On 21.06.24 09:32, Quentin Perret wrote:
On Thursday 20 Jun 2024 at 20:18:14 (-0300), Jason Gunthorpe wrote:
On Thu, Jun 20, 2024 at 03:47:23PM -0700, Elliot Berman wrote:
On Thu, Jun 20, 2024 at 11:29:56AM -0300, Jason Gunthorpe wrote:
On Thu, Jun 20, 2024 at 04:01:08PM +0200, David Hildenbrand wrote:
Regarding huge pages: assume the huge page (e.g., 1 GiB hugetlb) is shared,
now the VM requests to make one subpage private.

I think the general CC model has the shared/private setup earlier on
the VM lifecycle with large runs of contiguous pages. It would only
become a problem if you intend to to high rate fine granual
shared/private switching. Which is why I am asking what the actual
"why" is here.

I'd let Fuad comment if he's aware of any specific/concrete Anrdoid
usecases about converting between shared and private. One usecase I can
think about is host providing large multimedia blobs (e.g. video) to the
guest. Rather than using swiotlb, the CC guest can share pages back with
the host so host can copy the blob in, possibly using H/W accel. I
mention this example because we may not need to support shared/private
conversions at granularity finer than huge pages.

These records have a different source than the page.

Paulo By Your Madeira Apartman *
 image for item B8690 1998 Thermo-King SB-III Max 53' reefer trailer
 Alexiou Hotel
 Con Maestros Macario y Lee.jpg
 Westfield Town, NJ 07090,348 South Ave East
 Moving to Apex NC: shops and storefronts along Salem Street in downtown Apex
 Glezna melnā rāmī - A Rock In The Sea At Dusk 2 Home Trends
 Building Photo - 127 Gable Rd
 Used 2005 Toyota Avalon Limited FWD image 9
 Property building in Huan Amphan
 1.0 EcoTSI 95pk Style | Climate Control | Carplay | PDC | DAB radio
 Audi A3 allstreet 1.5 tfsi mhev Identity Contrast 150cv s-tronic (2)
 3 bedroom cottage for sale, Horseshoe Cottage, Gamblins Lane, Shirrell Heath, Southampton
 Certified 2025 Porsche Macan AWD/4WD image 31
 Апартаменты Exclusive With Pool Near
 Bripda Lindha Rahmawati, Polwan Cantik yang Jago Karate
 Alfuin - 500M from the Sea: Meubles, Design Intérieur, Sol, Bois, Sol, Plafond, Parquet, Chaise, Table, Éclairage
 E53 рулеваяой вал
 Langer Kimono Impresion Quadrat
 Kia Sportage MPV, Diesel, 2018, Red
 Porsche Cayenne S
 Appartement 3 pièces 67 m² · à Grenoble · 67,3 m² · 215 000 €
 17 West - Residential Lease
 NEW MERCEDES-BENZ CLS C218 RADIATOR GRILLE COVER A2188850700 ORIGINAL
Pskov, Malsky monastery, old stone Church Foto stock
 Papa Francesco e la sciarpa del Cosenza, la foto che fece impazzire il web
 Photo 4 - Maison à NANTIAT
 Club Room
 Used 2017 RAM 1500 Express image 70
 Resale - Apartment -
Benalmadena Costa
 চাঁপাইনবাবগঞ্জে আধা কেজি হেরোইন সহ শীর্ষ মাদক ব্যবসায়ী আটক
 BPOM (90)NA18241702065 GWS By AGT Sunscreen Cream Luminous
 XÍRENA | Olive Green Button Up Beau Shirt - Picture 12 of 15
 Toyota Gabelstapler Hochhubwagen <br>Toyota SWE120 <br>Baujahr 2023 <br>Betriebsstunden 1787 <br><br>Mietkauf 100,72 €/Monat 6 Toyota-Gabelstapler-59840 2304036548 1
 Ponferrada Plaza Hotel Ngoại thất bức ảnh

I suspect the more useful thing would be to be able to allocate actual
shared memory and use that to shuffle data without a copy, setup much
less frequently. Ie you could allocate a large shared buffer for video
sharing and stream the video frames through that memory without copy.

This is slightly different from converting arbitary memory in-place
into shared memory. The VM may be able to do a better job at
clustering the shared memory allocation requests, ie locate them all
within a 1GB region to further optimize the host side.

Jason, do you have scenario in mind? I couldn't tell if we now had a
usecase or are brainstorming a solution to have a solution.

No, I'm interested in what pKVM is doing that needs this to be so much
different than the CC case..

The underlying technology for implementing CC is obviously very
different (MMU-based for pKVM, encryption-based for the others + some
extra bits but let's keep it simple). In-place conversion is inherently
painful with encryption-based schemes, so it's not a surprise the
approach taken in these cases is built around destructive conversions as
a core construct. But as Elliot highlighted, the MMU-based approach
allows for pretty flexible and efficient zero-copy, which we're not
ready to sacrifice purely to shoehorn pKVM into a model that was
designed for a technology that has very different set of constraints.
A private->shared conversion in the pKVM case is nothing more than
setting a PTE in the recipient's stage-2 page-table.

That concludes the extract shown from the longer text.